Launch Report and Debrief Launch Time: 10:34 Team Members Present: Kyle Upson, Alex Wansha, Julia Vanill Play-by-Play: heading North toward the ice caps 2km above sea level @ 800m/s narrowly avoiding mountains at 5km turning on and off stability assist to stop ship from shaking passing over part of the ice cap 17:38 landing near UFO 22:05 Valentina arrived near crashed UFO planted flag 28:34 Photographs: Time of Flight: 28:34 Summary: The launch and flight was another success for WUV our Work. We were able to successfully fly to the northern Ice Cap, find the UFO, and take a picture with it. Opportunities / Learning: We learned how to build a jet to fly to the Northern Ice Cap and take a picture with the UFO Strategies / Project Timeline: Next we plan to continue our quest and missions in space to explore the universe. Milestones: Picture of UFO on Northern Ice Cap of Kerbin - $100,000 Available Funds: $925,741 - $14,150 + $100,000 = $1,011,591

Launch Report and Debrief Launch Time: 10:41 Team Members Present: Kyle Upson, Alex Wansha, Julia Vanill Play-by-Play: Heading straight up maneuvering West to get into orbit around Kerbin decoupled 3:53 using solar panels on rover to help power ship maneuvering into Mun's orbit 5:42 decoupled 7:04 Mun apoapsis 35km maneuvering into orbit around Mun 1d, 00:46:11 using monopropellant to eliminate horizontal velocity landing on Mun without landing gear landed 1d, 1:32:03 no wheels on rover? Photographs: Time of Flight: 1d, 1:33:17 Summary: The launch to the Mun with a rover proved to be mostly a success, except for the fact that the wheels popped somewhere along the way. However, we were still able to control the rover on the Mun without the wheels because we had monopropellant. Opportunities / Learning: We learned how to build a rover and successfully land on the Mun. Strategies / Project Timeline: Next we plan to make a jet to fly to the Northern Ice Cap and take a picture with the UFO. Milestones: Working Rover on Mun - $500,000 Available Funds: $468,537 - $42,796 + $500,000 = $925,741!

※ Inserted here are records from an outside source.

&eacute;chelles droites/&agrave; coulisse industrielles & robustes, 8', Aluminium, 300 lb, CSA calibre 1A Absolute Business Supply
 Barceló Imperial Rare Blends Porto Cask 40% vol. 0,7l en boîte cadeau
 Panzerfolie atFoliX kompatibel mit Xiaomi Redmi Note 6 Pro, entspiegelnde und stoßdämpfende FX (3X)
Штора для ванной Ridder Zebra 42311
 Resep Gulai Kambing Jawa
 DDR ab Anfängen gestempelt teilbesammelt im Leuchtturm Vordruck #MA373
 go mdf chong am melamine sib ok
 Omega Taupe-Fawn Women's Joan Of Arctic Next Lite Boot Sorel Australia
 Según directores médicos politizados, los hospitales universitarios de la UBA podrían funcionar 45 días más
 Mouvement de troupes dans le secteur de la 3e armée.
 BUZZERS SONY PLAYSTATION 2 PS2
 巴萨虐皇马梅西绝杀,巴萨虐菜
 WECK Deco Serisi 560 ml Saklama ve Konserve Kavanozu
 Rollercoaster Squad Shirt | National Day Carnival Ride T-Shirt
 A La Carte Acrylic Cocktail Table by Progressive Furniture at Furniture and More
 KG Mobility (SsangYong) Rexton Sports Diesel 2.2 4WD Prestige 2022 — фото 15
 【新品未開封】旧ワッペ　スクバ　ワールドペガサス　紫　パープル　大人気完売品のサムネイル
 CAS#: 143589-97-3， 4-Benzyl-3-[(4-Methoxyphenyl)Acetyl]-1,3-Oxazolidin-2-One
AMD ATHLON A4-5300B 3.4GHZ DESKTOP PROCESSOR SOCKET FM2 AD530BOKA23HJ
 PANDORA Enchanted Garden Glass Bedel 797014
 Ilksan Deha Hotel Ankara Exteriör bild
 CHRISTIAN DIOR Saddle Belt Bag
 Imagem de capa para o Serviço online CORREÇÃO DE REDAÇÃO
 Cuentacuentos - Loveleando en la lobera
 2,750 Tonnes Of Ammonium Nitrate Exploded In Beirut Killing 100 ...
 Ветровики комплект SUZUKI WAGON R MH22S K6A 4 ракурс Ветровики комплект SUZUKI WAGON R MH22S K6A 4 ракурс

Launch Report and Debrief Launch Time: 10:33 Team Members Present: Kyle Upson, Alex Wansha, Julia Vanill Play-by-Play: launch straight up for 30 km maneuvering into orbit around Kerbin 80 km started first RCS burn 85 km stage 2 at 90 km - decoupled full orbit around Kerbin 4:30 correction RCS burn 16:30 maneuvering into orbit around Minmus correction RCS burn 46:10 Kerbin periapsis: 37.6 km time warping into Minmus orbit started RCS burn around Minmus 10d, 2:09:27 landed on Minmus 10d, 2:44:07 leaving Minmus 10d, 2:48:35 orbiting around Minmus 10d, 2:53:46 escaping Minmus orbit 10d, 2:59:39 time warping into Kerbin 21d, 00:37:50 ran out of fuel and monopropellant deployed parachutes landed on Kerbin 21d, 00:45:25 Photographs: Time of Flight: 21d, 00:45:25 Summary: The launch and flight proved to be another large success for WUV our Work. We were able to safely fly our Kerbal to Minmus and back with no outcome-altering mistakes. Although we ran out of both fuel and monopropellant by the end of the mission, we were still able to safely land back on Kerbin. Opportunities / Learnings: We learned how to successfully orbit around both Kerbin and Minmus with a Kerbal on board, land and take off from Minmus, and make our way safely back to Kerbin. Strategies / Project Timeline: Next we plan to fly to the Northern Ice Cap and take a picture of the UFO and then hopefully place a rover on the Mun. Milestone Awards Presented: Landing on Minmus - $300,000 Available Funds: $196,056 - $27,519 + $300,000 = $468,537!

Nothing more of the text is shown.